I was just strolling around my inbox to confirm that the past year has been particularly concerned with bureaucracies. Of any kind, really: from universities or schools to city administrations, and European, even world-wide organisations of any kind; the White House and non-governmental associations included.

Bureaucracy

This, then, must be an appropriate moment to dig deep in the past of humanity and re-introduce some crucial thinking on bureaucracy along the principles of Peter and Dilbert.

(If you don’t like Dilbert, or Peter, go here. If you like Dilbert and know his principle as well as Peter’s, get your mind boggled. If you don’t know Dilbert, descend into the eternal grounds and go here and here before you return.)

Bureaucracy is a sociological concept often associated with public administration, even though it describes a hierarchical form of organising the execution and enforcement of rules that is also widely applied in economy, civil society, religion and elsewhere.

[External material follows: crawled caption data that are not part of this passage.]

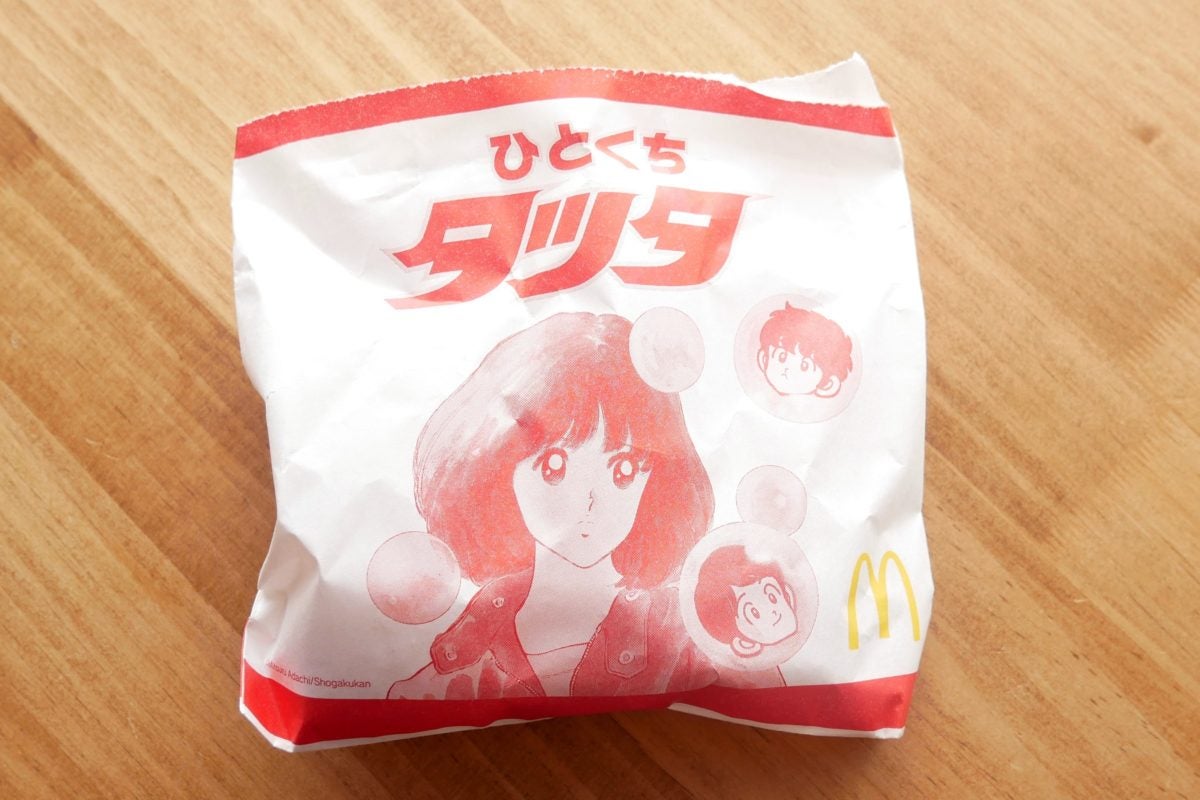 ひとくちタツタ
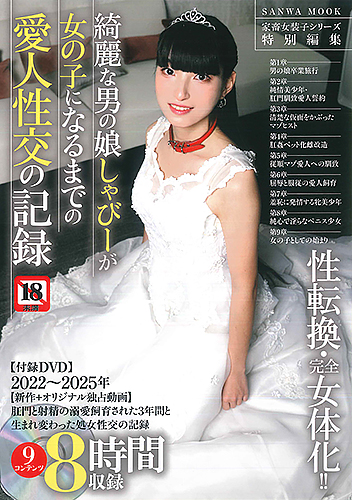 綺麗な男の娘しゃびーが女の子になるまでの愛人性交の記録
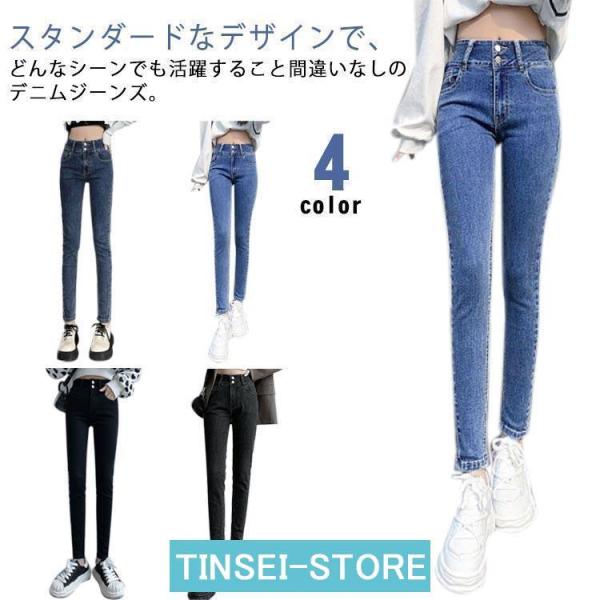 ジーンズ レディース ストレッチ パンツ スキニーパンツ デニムパンツ 黒 パンツ フィット ジーパン おしゃれ ボトムス 美脚 夏 デニム スキニー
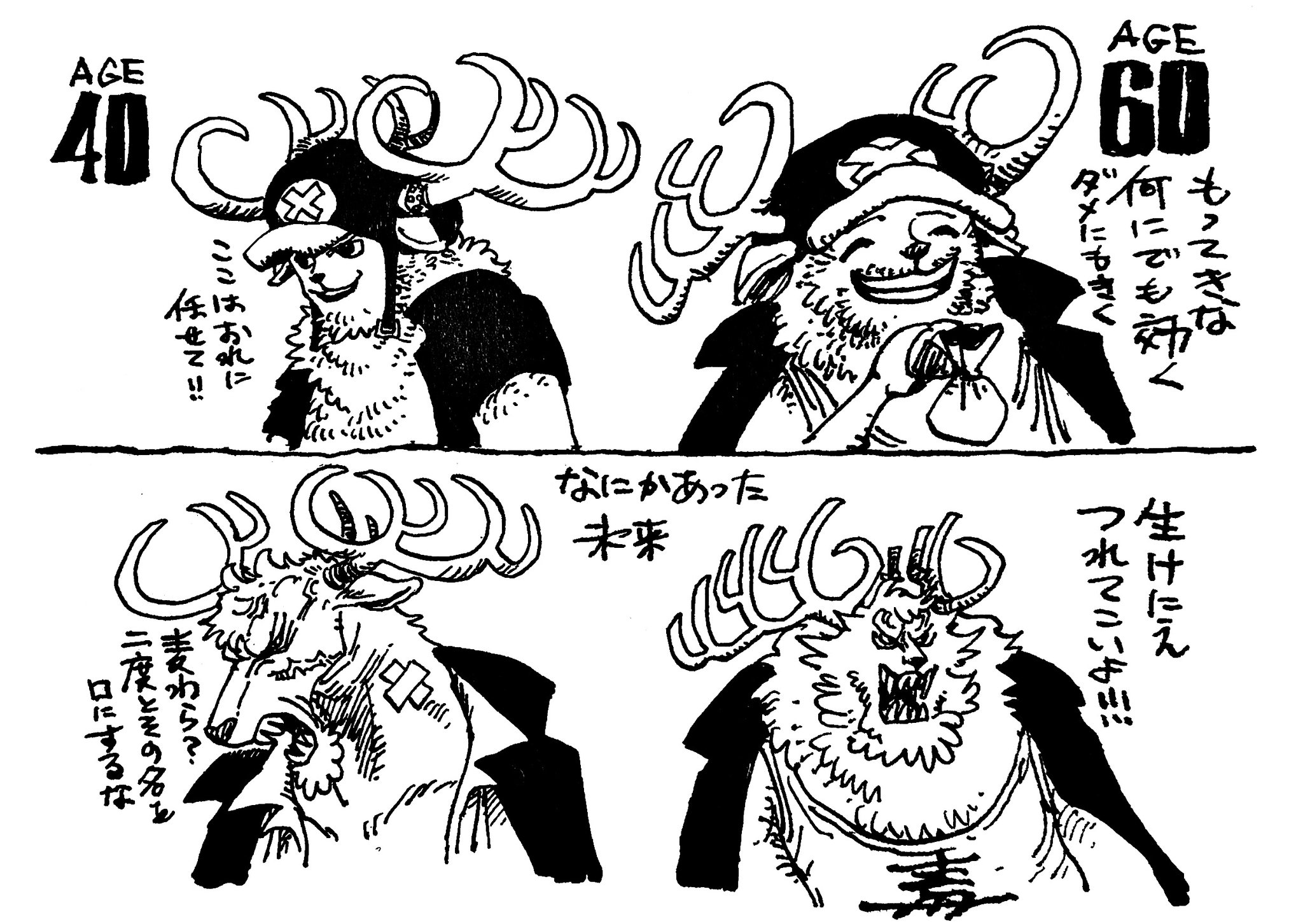 まな ワンピース97巻のsbsに 何でも治せる医者 万能薬 になる ダメに効く薬を作る という夢を叶えた60歳チョッパーの姿が トナカイの寿命は長くて年程 チョッパーはヒトヒトの実を食べた影響で寿命も人間並に長くなったのかな Onepiece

The word has its etymological roots in the French «bureau», referring to a public office, and the Greek «kratos», meaning «power» or «rule», and basically means «office rule» or «official power». Already in 18th-century France discourses — that we know all too well from our days — existed:

«We have an illness in France which bids fair to play havoc with us; this illness is called bureaumania».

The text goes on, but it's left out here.